As government regulators dig into this new era of data competition, they may find that standard antitrust arguments are not so easy to make. Using more and more data to improve a service for users and more accurately target ads for merchants is a clear benefit, for example. And higher prices for consumers are not present with free internet services.
“You certainly don’t want to punish companies because of what they might do,” said Annabelle Gawer, a professor of the digital economy at the University of Surrey in England, who made a presentation at the Organization for Economic Cooperation and Development meeting. “But you do need to be vigilant. It’s clear that enormous power is in the hands of a few companies.”
Maurice Stucke, a former Justice Department antitrust official and a professor at the University of Tennessee College of Law, who also spoke at the gathering, said one danger was that consumers might be afforded less privacy than they would choose in a more competitive market.
The competition concerns echo those that gradually emerged in the 1990s about software and Microsoft. The worry is that as the big internet companies attract more users and advertisers, and gather more data, a powerful “network effect” effectively prevents users and advertisers from moving away from a dominant digital platform, like Google in search or Facebook in consumer social networks.
Evidence of the rising importance of data can be seen from the frontiers of artificial intelligence to mainstream business software.

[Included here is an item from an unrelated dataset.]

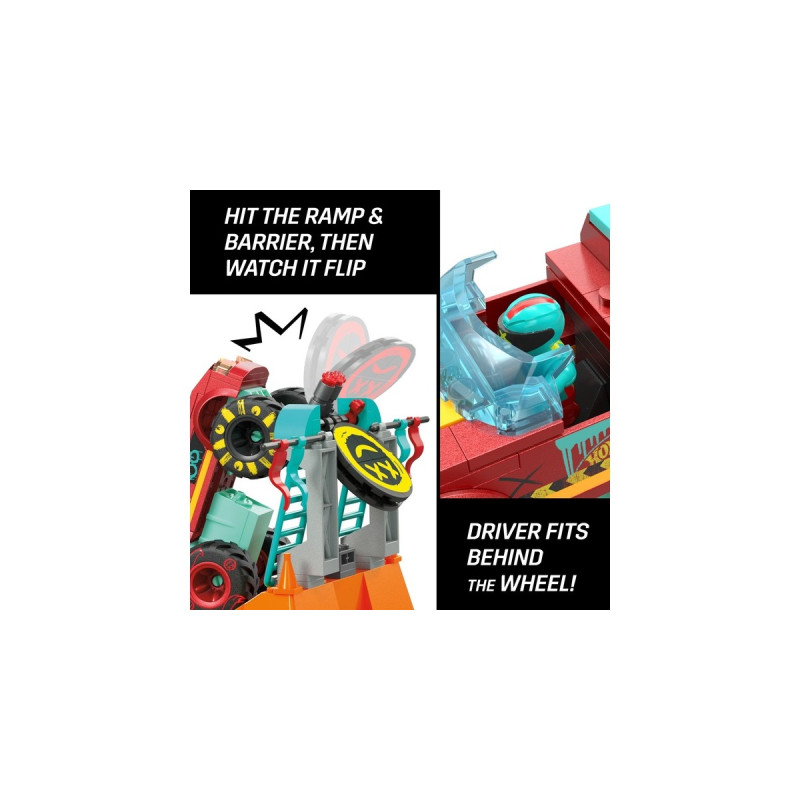 Mattel MEGA Hot Wheels Monster Trucks Demo Derby Extreme-Stunt Set, Konstruktionsspielzeug
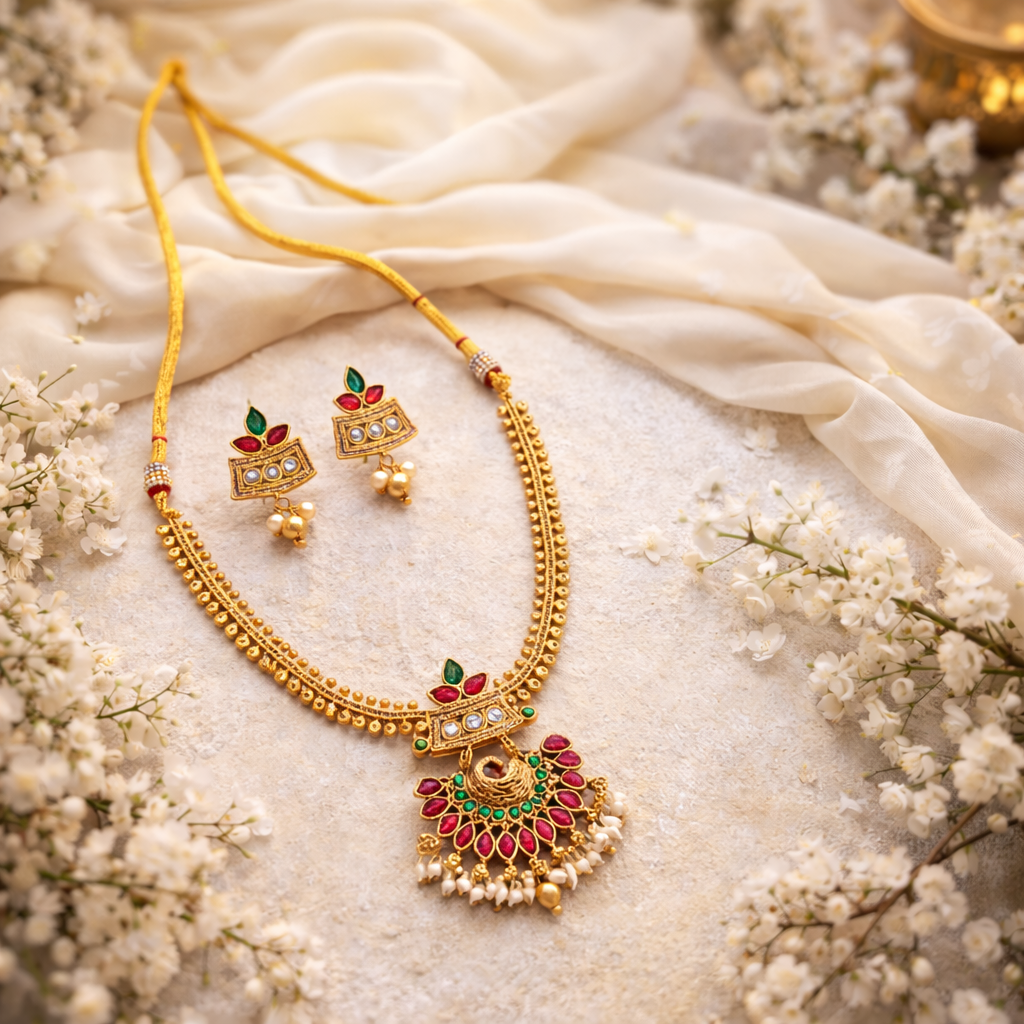 TRADITIONAL PEACOCK NECKLACE SET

And certain data sets can be remarkably valuable for companies working on those technologies.
A prime example is Microsoft’s purchase of LinkedIn, the business social network, for $26.2 billion last year. LinkedIn has about 467 million members, and it houses their profiles and maps their connections.
Microsoft is betting LinkedIn, combined with data on how hundreds of millions of workers use its Office 365 online software, and consumer data from search behavior on Bing, will “power a set of insights that we think is unprecedented,” said James Phillips, vice president for business applications at Microsoft.
In an email to employees, Satya Nadella, Microsoft’s chief executive, described the LinkedIn deal as a linchpin in the company’s long-term goal to “reinvent productivity and business processes” and to become the digital marketplace that defines “how people find jobs, build skills, sell, market and get work done.”
IBM has also bet heavily on data for its future. Its acquisitions have tended to be in specific industries, like its $2.6 billion purchase last year of Truven Health, which has data on the cost and treatment of more than 200 million patients, or in specialized data sets useful across several industries, like its $2 billion acquisition of the digital assets of the Weather Company.
IBM estimates that 70 percent of the world’s data is not out on the public web, but in private databases, often to protect privacy or trade secrets. IBM’s strategy is to take the data it has acquired, add customer data and use that to train its Watson artificial intelligence software to pursue such tasks as helping medical researchers discover novel disease therapies, or flagging suspect financial transactions for independent auditors.
“Our focus is mainly on nonpublic data sets and extending that advantage for clients in business and science,” said David Kenny, senior vice president for IBM’s Watson and cloud businesses.
At Google, the company’s drive into cloud-delivered business software is fueled by data, building on years of work done on its search and other consumer services, and its recent advances in image identification, speech recognition and language translation.
For example, a new Google business offering — still in the test, or alpha, stage — is a software service to improve job finding and recruiting. Its data includes more than 17 million online job postings and the public profiles and résumés of more than 200 million people.
Its machine-learning algorithms distilled that to about four million unique job titles, ranked the most common ones and identified specific skills. The job sites CareerBuilder and Dice are using the Google technology to show job seekers more relevant openings. And FedEx, the giant package shipper, is adding the service to its recruiting site.
That is just one case, said Diane Greene, senior vice president for Google’s cloud business, of what is becoming increasingly possible — using the tools of artificial intelligence, notably machine learning, to sift through huge quantities of data to provide machine-curated data services.
“You can turn this technology to whatever field you want, from manufacturing to medicine,” Ms. Greene said.
Fei-Fei Li, director of the Stanford Artificial Intelligence Laboratory, is taking a sabbatical to become chief scientist for artificial intelligence at Google’s cloud unit. She sees working at Google as one path to pursue her career ambition to “democratize A.I.,” now that the software and data ingredients are ripe.
“We wouldn’t have the current era of A.I. without the big data revolution,” Dr. Li said. “It’s the digital gold.”
In the A.I. race, better software algorithms can put you ahead for a year or so, but probably no more, said Andrew Ng, a former Google scientist and adjunct professor at Stanford. He is now chief scientist at Baidu, the Chinese internet search giant, and a leading figure in artificial intelligence research.
Rivals, he added, cannot unlock or simulate your data. “Data is the defensible barrier, not algorithms,” Mr. Ng said.